If you know Marc Zuckerberg, the 24-year old CEO of Facebook, you would identify him with Andreesen. Almost a two decades ago, when no one but geeks believe in the internet, Andreesen was the web wonderkid. Kind of like Nino Mulach, only that he shone on cyber wonders instead of intense chubbyness.

Andreesen, only 24 then and a fresh graduate, started Mosaic (some first-generation web browser) with Eric Bina. This was the time when the dotcom technology was recently but a sci-fi wishful thinking and all the other kids his age were doning on massive hair spray and/0r headbanging to Nirvana music. This was, however, Andreesen’s first real step into Sillicon Valley, a step which literally created revolutionary waves for the web world. Would you guess what’s second step? He co-found Netscape! It’s only the first (I think) single web phenomenon that ever questioned Microsoft and made it shiveringly cling to its spot big time.

The Netscape endured and thrived, not to mention earned. But MS, of course, did not take this sitting down. There was war. And eventually, Netscape tapped out and sold to AOL for a hefty price. But Andreesen did not tap out. What’s more is he dusted himself off for another round! Some few more, even.

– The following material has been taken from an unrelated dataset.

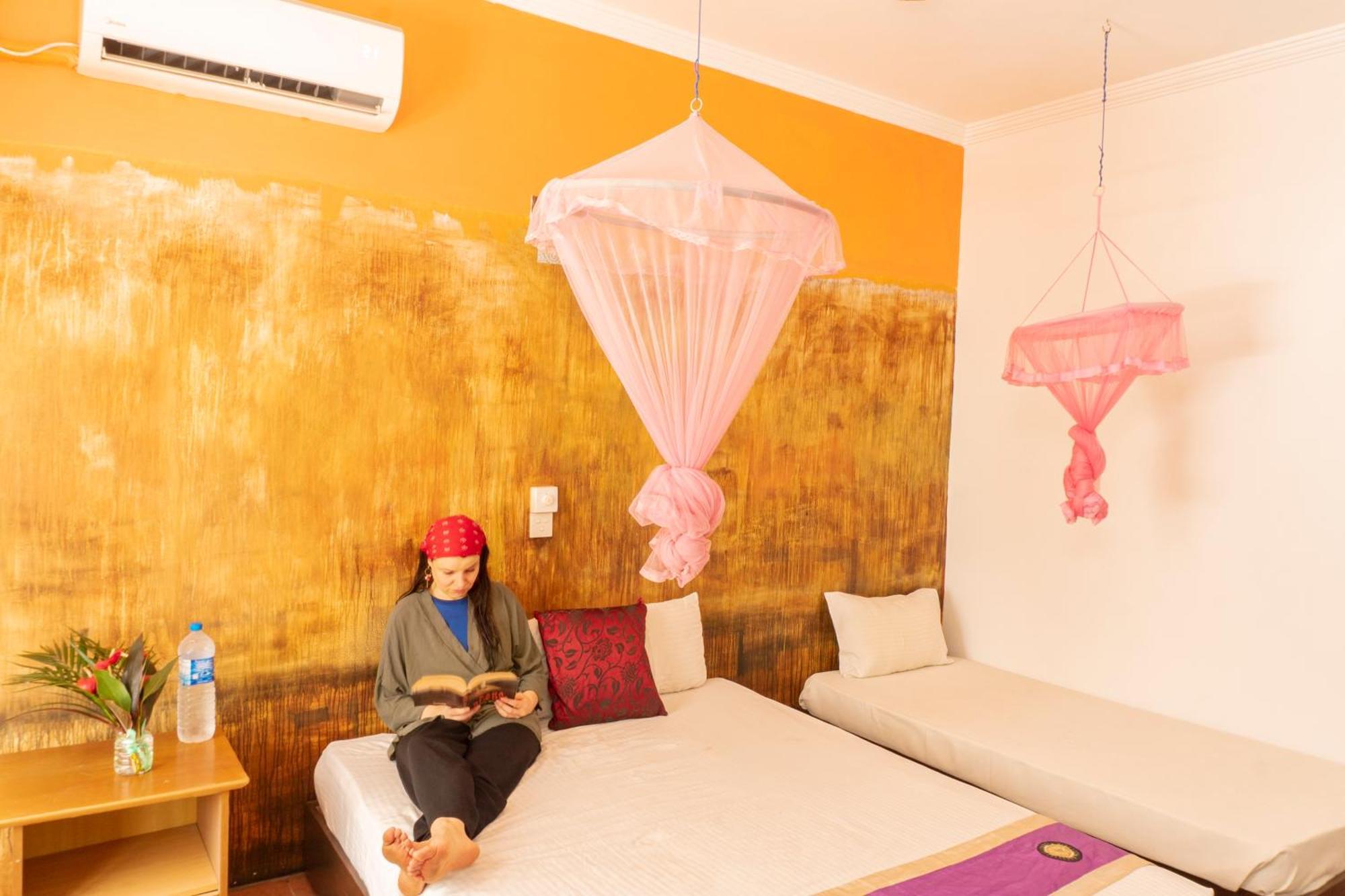 Blumarine Guest House Негомбо Екстер'єр фото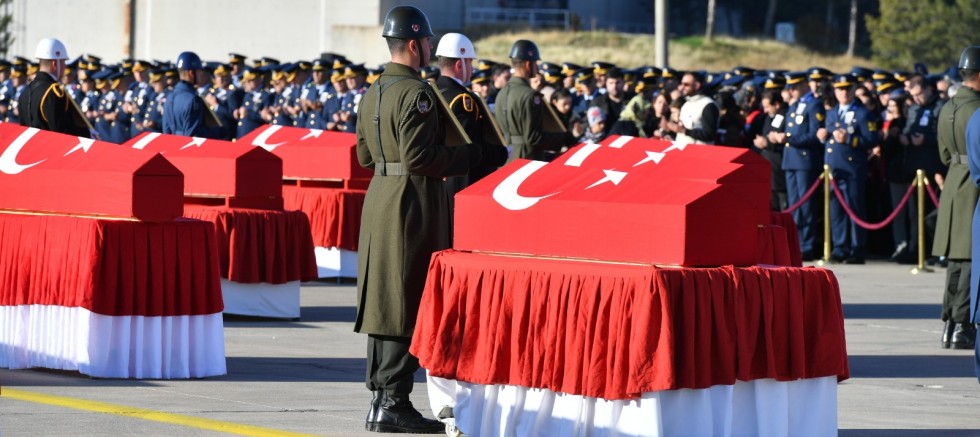 KAHRAMAN ŞEHİTLERİMİZ RESMİ TÖRENLE EBEDİYETE UĞURLANDI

From what I remember in the article, he next headed this web computing thing called Loudcloud. Apparently, this did not quite hit the top as the public did not seem ready for such a thing. After a major organizational downsizing and relaunching as Opsware, the project was again sold to another company.

From then on, he started being a web philantrophist, more correctly called venture capitalism. He began giving “angel money” to web startups such as Ning, a facebook-like social networking site. He carries this on with other upstarting web ideas with his partner Ben Horowitz. Now at 38, we could say that Marc Andreesen is now a necessary addition to any comprehensive manuscript of the 3 to 4-decade history of the web world, which I think, would be as thick and hefty as Marc is.

But must anyone write that history, this latest, apparrently most nuanced part of his carreer must not be missed-out: Andreesen now sits in the thinking board of your favorite darlings of the web, Facebook and Twitter. It is like if these sites have a conscience, Andreesen’s would be one of the loudest voices to it. Come to think of it, roughly two decades after his first big wave, Andreesen is still making big ones in our generation; some of it sweeping our social lives big time.

to be concluded

(Apologies, friends, if this blog sounds so wide-eyed about Marc Andreesen’s exploits. The blogger was only two years old during his high time. And was vitrually offline for the most part of her life.)